La Ley de Educación Nacional (LEN) es clarísima en relación al derecho de los alumnos a integrar – y por lo tanto constituir – CENTROS DE ESTUDIANTES para participar en el funcionamiento de las instituciones educativas públicas, tanto las de gestión estatal como las de gestión privada.

Resulta lamentable y repudiable que haya establecimientos privados que se nieguen u obstaculicen, con cualquier motivo, a que los alumnos organicen un CENTRO DE ESTUDIANTES y, además, es ilegal y atenta contra un derecho de los alumnos que consta explícitamente en la LEN. Por otra parte es anti-pedagógico y anti-democrático.

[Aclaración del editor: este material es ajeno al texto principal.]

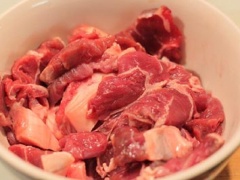 Thịt bò rửa sạch, để vào tủ lạnh khoảng 5 phút để thịt thăn lại khi cắt sẽ dễ dàng hơn. Ướp vào chén thịt bò 1 muỗng cà phê dầu ăn, 1 muỗng cà phê muối, một ít tiêu, trộn đều, ướp khoảng 30 phút.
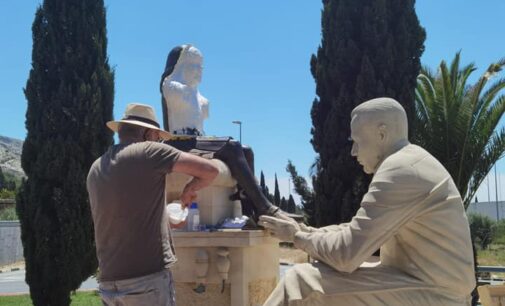 Comienza la restauración de la estatua homenaje al sector calzado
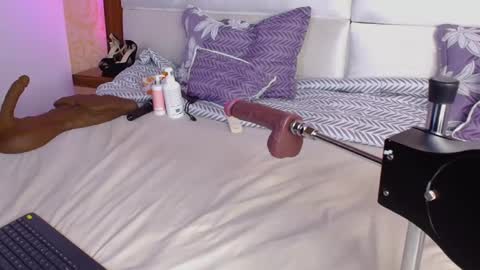 Snapshot of caseymoon chatting on March 2025 04:46:01 PM Casey online show from March 2025 04:46:01 PM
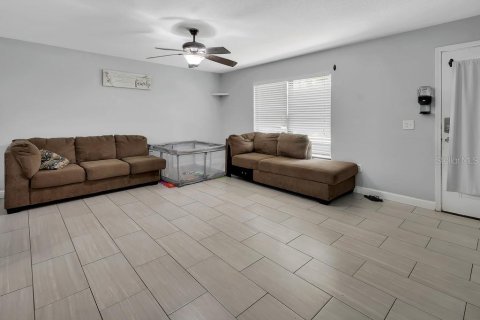 House in DeLand, Florida 2 bedrooms, 88.26 sq.m. № 2220821 - photo 3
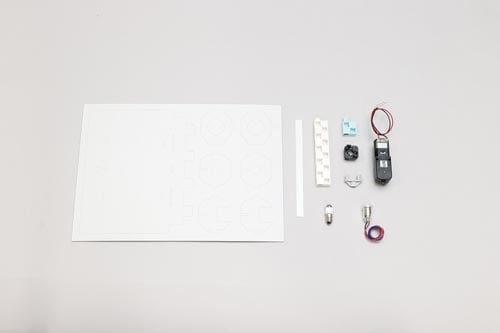 手回し発電ライト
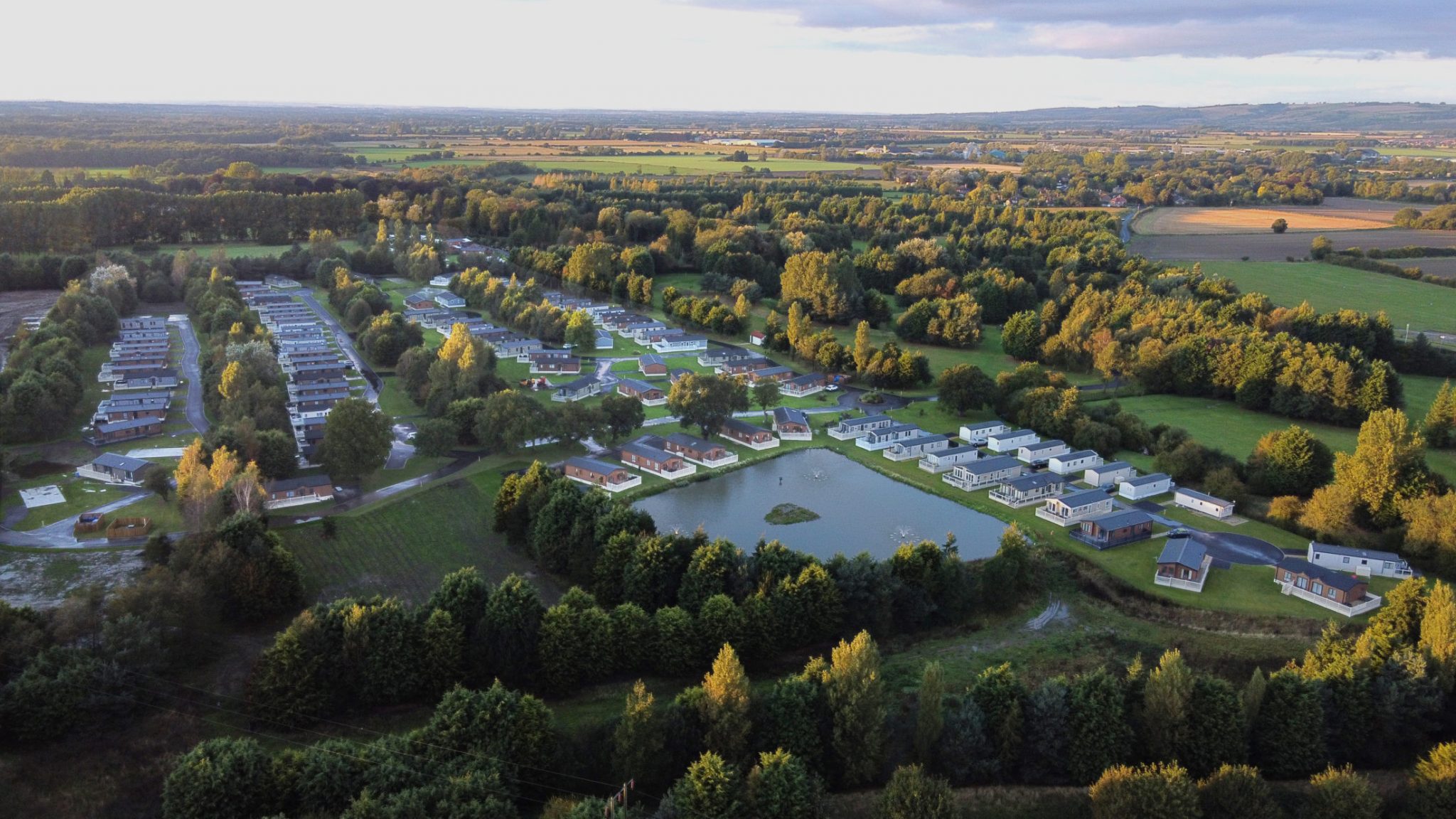 Allerthorpe Golf And Country park area with lodges, caravans and a lake, seen from above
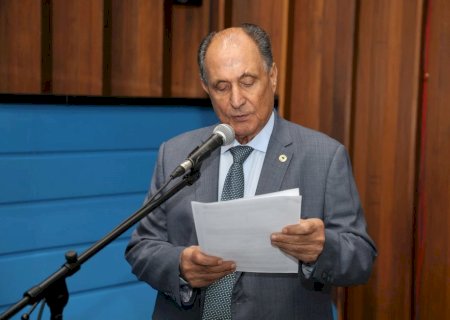 ZÉ TEIXEIRA PRIORIZA DOURADOS NO ENCERRAMENTO DO ANO LEGISLATIVO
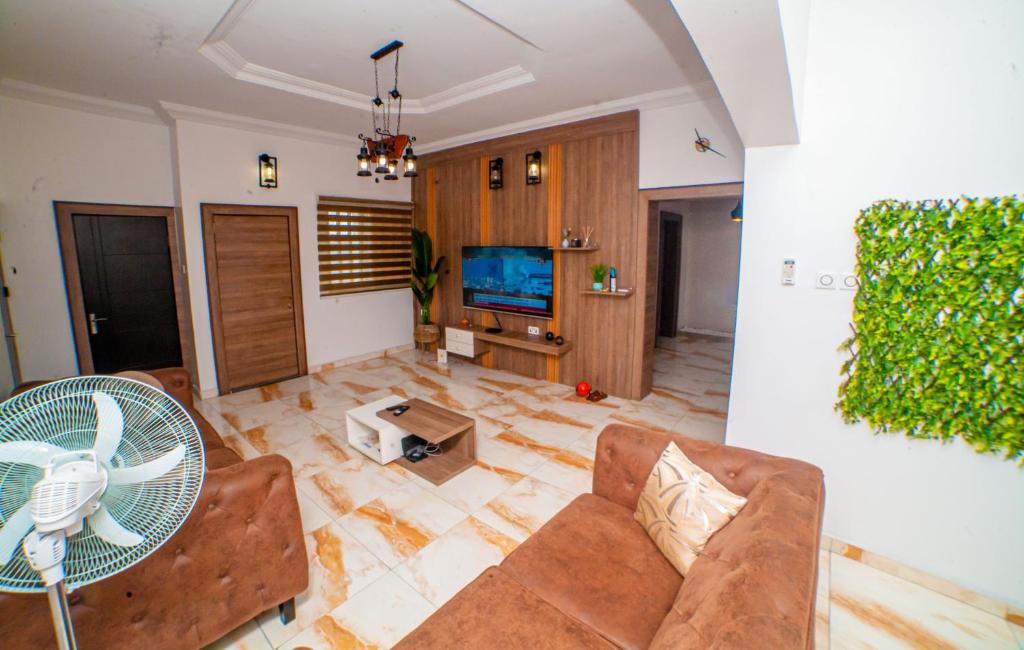 Televiisor ja/või meelelahutuskeskus majutusasutuses Schemes Hotel And Apartment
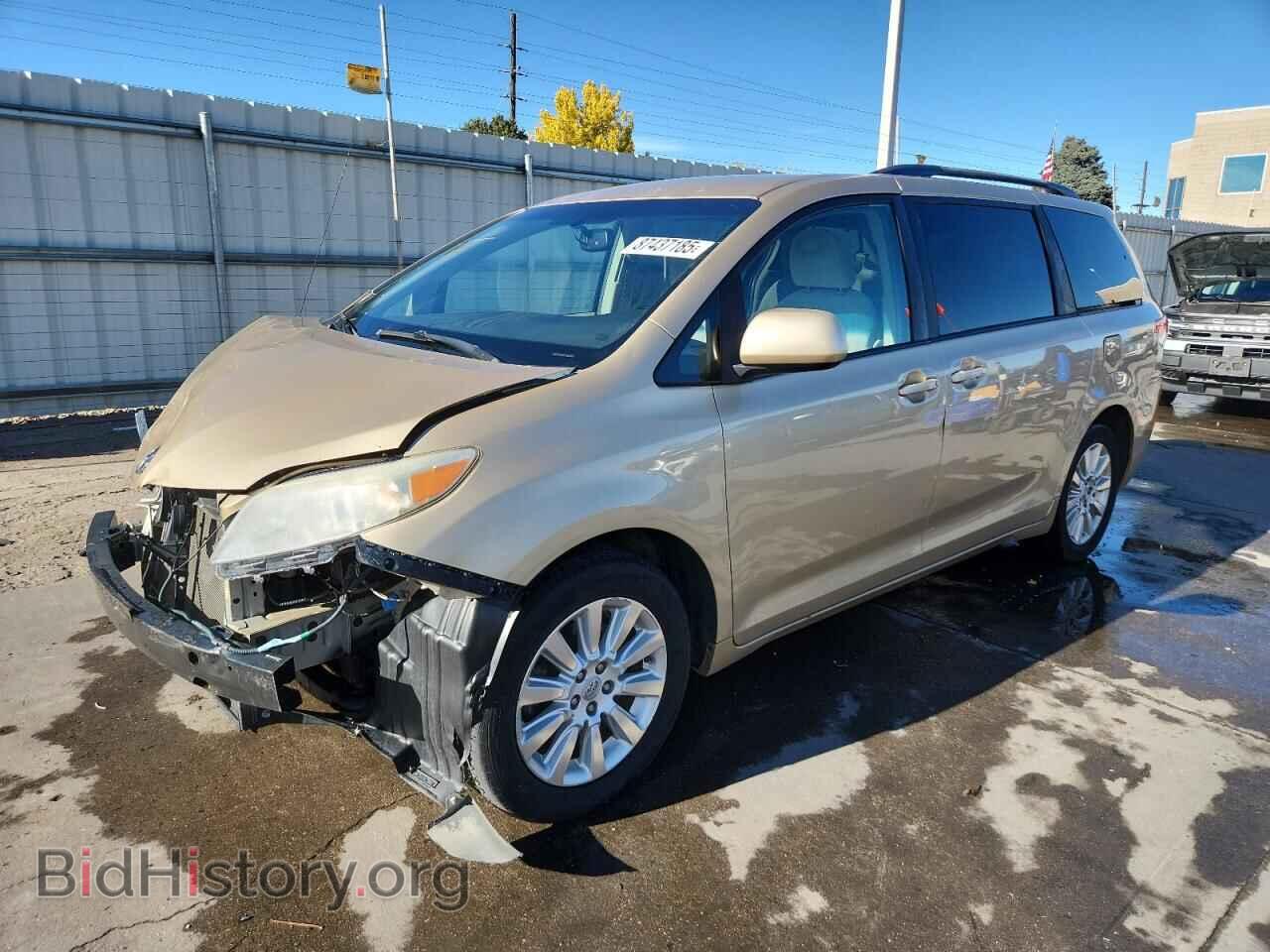 Photo 5TDJK3DC2BS003972 - TOYOTA All Models 2011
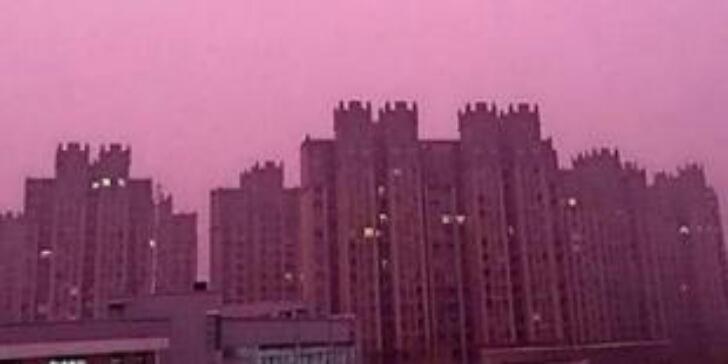 Kabut Asap Kian Buruk, Langit di Kota Beijing Berubah Pink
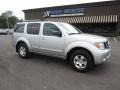 Silver Lightning Metallic - Pathfinder S Photo No. 4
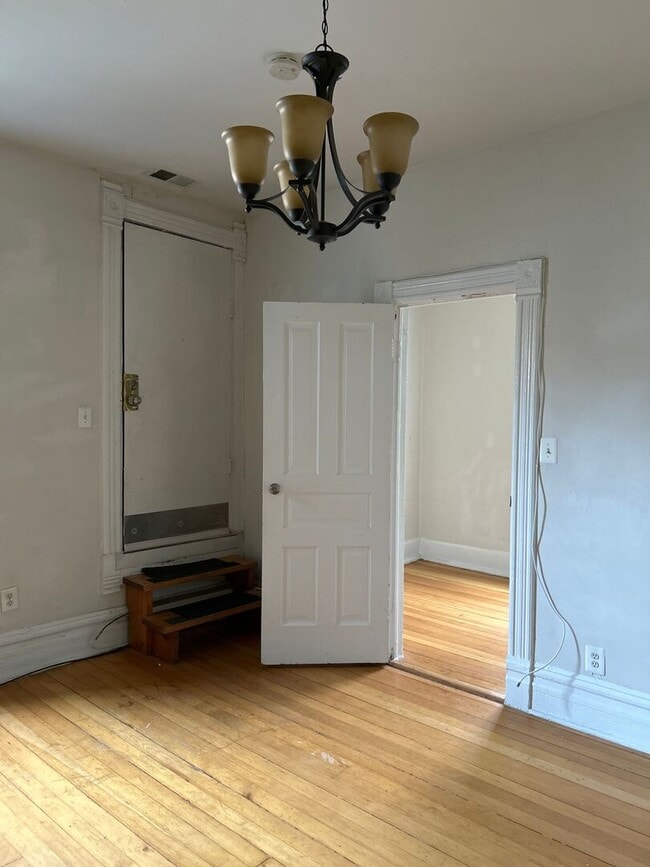 Building Photo - 862 N Hermitage Ave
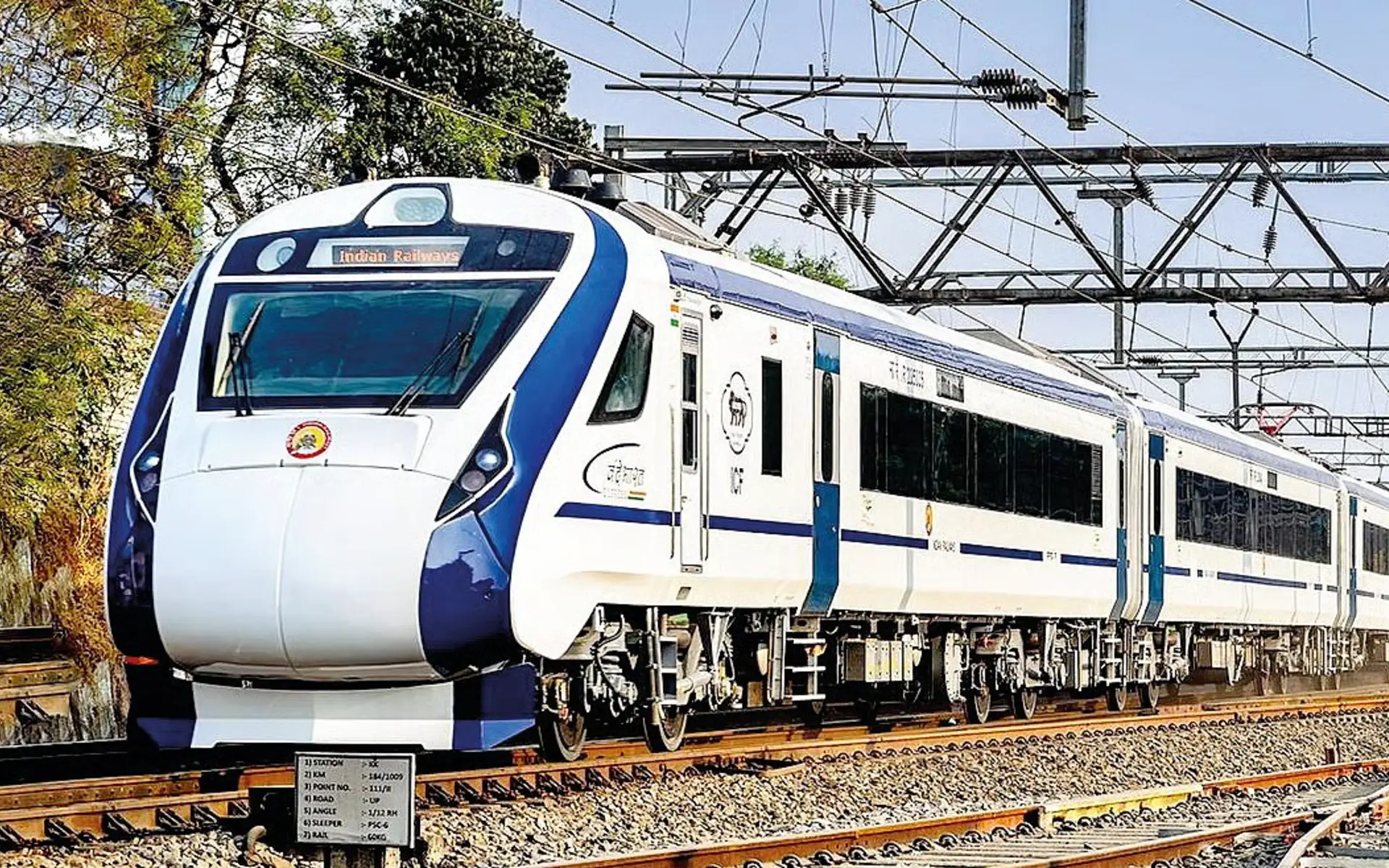 Pune-Nagpur Vande Bharat Express Achieves 145% Occupancy, Generates ₹2.6 Crore in Just 12 Days During Festive Season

La misma LEN al definir a la educación como derecho social y calificarla como integral, expresa el sentido propedéutico de las acciones que se llevan a cabo en la institución educativa.

Si la escuela es el lugar de aprendizaje de saberes, formación de actitudes y valores y promoción de la ciudadanía, las formas de asociacionismo que en ella crezcan, no son meras organizaciones aleatorias a su propio fin sino constituyen ejes centrales en la formación de los niños y los jóvenes.

Los trabajadores de la educación privada nucleados en el SADOP sostenemos la participación y la democracia como arquitectura de nuestra vida sindical y, en tanto educadores, promovemos que en los colegios privados – como lo prescribe la LEN – se creen, organicen y desarrollen CENTROS DE ESTUDIANTES.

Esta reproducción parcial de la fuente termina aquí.